# Buying from Trainz



## BNSF Fan (Feb 27, 2010)

Looking at a locomotive on ebay from Trainz. Anyone dealt with them before? Did you have a good expierence with them? Thanks.


----------



## gunrunnerjohn (Nov 10, 2010)

I've bought stuff from Trainz, they're a bit slower than others to ship, but they do seem to stand behind their stuff. I had some issues with one purchase, but they rounded up the missing parts after a bit of urging and made it right. 

All of my purchases from them have been on eBay items, they're big into eBay.


----------



## BNSF Fan (Feb 27, 2010)

gunrunnerjohn said:


> I've bought stuff from Trainz, they're a bit slower than others to ship, but they do seem to stand behind their stuff. I had some issues with one purchase, but they rounded up the missing parts after a bit of urging and made it right.
> 
> All of my purchases from them have been on eBay items, they're big into eBay.
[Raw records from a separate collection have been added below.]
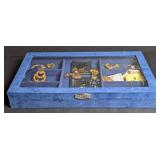 Jewelry box & contents. Costume pierced & clip-on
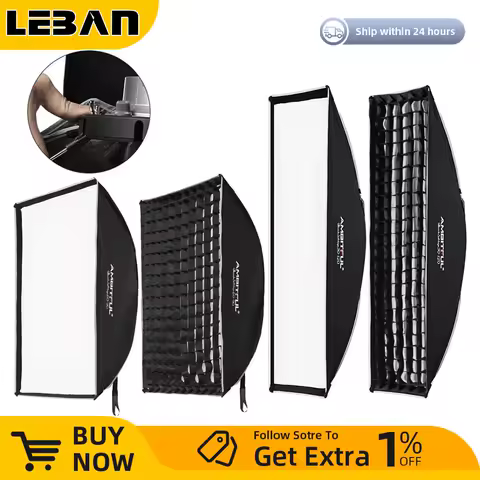 AMBITFUL QS6090 QS30120 Quickly Release Bowens Mount Strip Softbox + Honeycomb Grid Outdoor Soft Box for Studio Flash LED Light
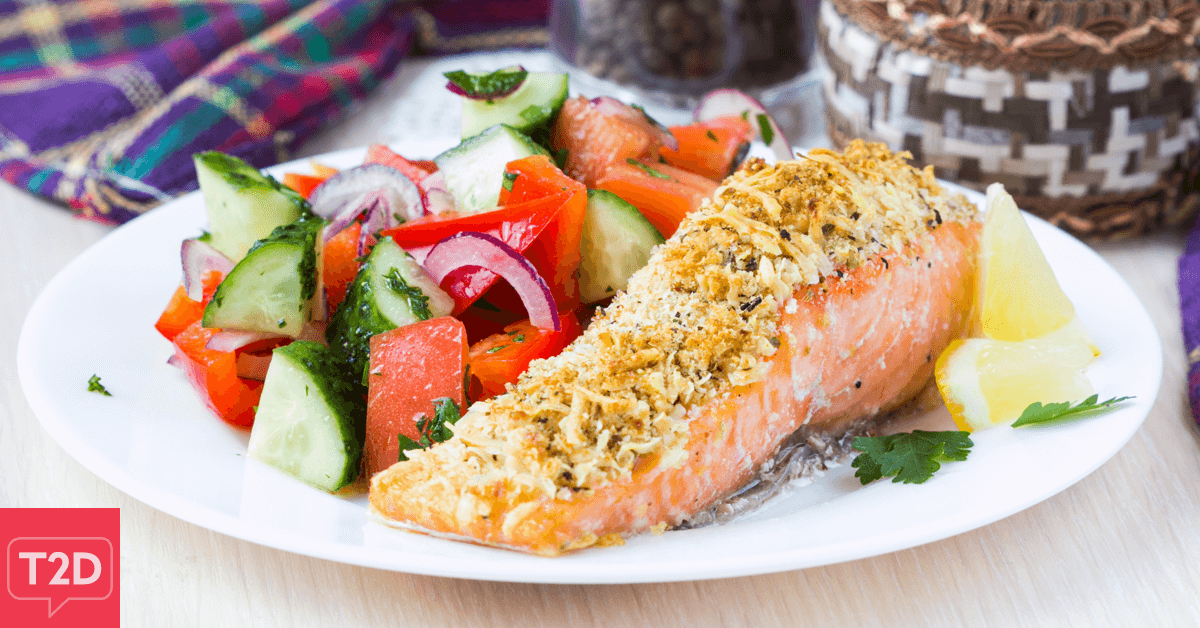 Parmesan Pesto Baked Salmon Recipe | Type2Diabetes.com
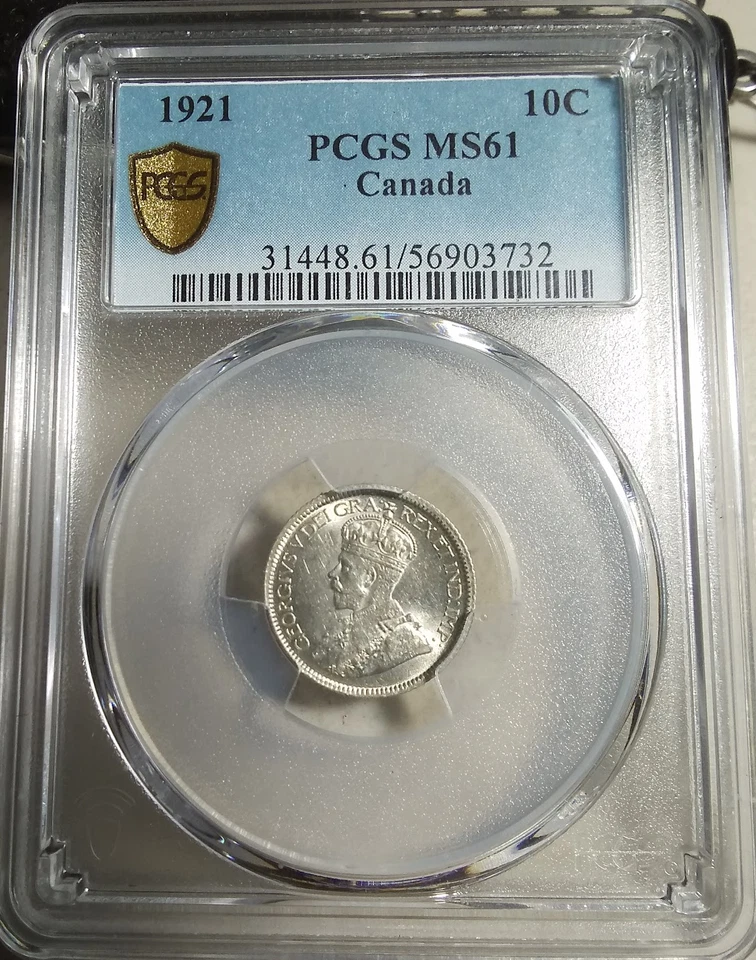 :1921 S10C DIME GEORGE-V CANADA BLAST WHITE PCGS MS61 RARITY R5 HIGHEST GRADES - Image 2 of 3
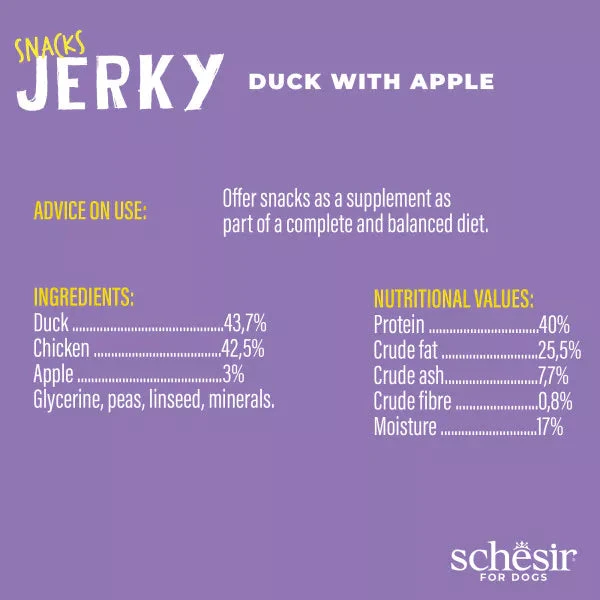 SCHESIR SNACKS - JERKY - DUCK WITH APPLE 6 SCHESIR SNACKS - JERKY - DUCK WITH APPLE - Image 4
Thanks. They currently have an MTH loco w/PS2 that I'm watching. Waiting to see if the bidding gets crazy.


----------



## gunrunnerjohn (Nov 10, 2010)

I've seen some MTH stuff with PS2 go pretty cheaply. Now that Legacy has been around for a few years, I see TMCC stuff coming down in price as well.


----------



## Boston&Maine (Dec 19, 2007)

I have had nothing but bad experiences with Trainz. They overrate everything the sell. The one time I did actually return something, it took more than a month after sending it back for them to refund my account


----------



## gunrunnerjohn (Nov 10, 2010)

Interesting how different experiences can be.


----------



## Guest (Mar 24, 2011)

Hmm, so what are the best places to buy stuff via internet ? The cheapest quality, new, SN EZ track by bulk and rolling stock lots ?


----------



## GrumpyOldGuy (Mar 14, 2011)

I've bought several things from Trainz both on their website and on eBay. They've always done right by me. Prices on website seem to be a little high.


----------



## raleets (Jan 2, 2011)

I've good luck with 3 seperate purchases from internetrailroad.com
They do a ton of eBay, or you can call them and order via phone with a friendly "real human being". They're in Sheboygan, WI.
Have fun,
Bob


----------



## sstlaure (Oct 12, 2010)

I've purchased from: (and have had good luck with all)

http://www.trainworldonline.com/

www.walthers.com

http://www.modeltrainstuff.com/SearchResults.asp


----------



## gunrunnerjohn (Nov 10, 2010)

There is never "one good place", it depends on the day and the item. Frequently, you'll find the same items at the best price in different locations. Then you'll see the reverse for other items at the two locations.


----------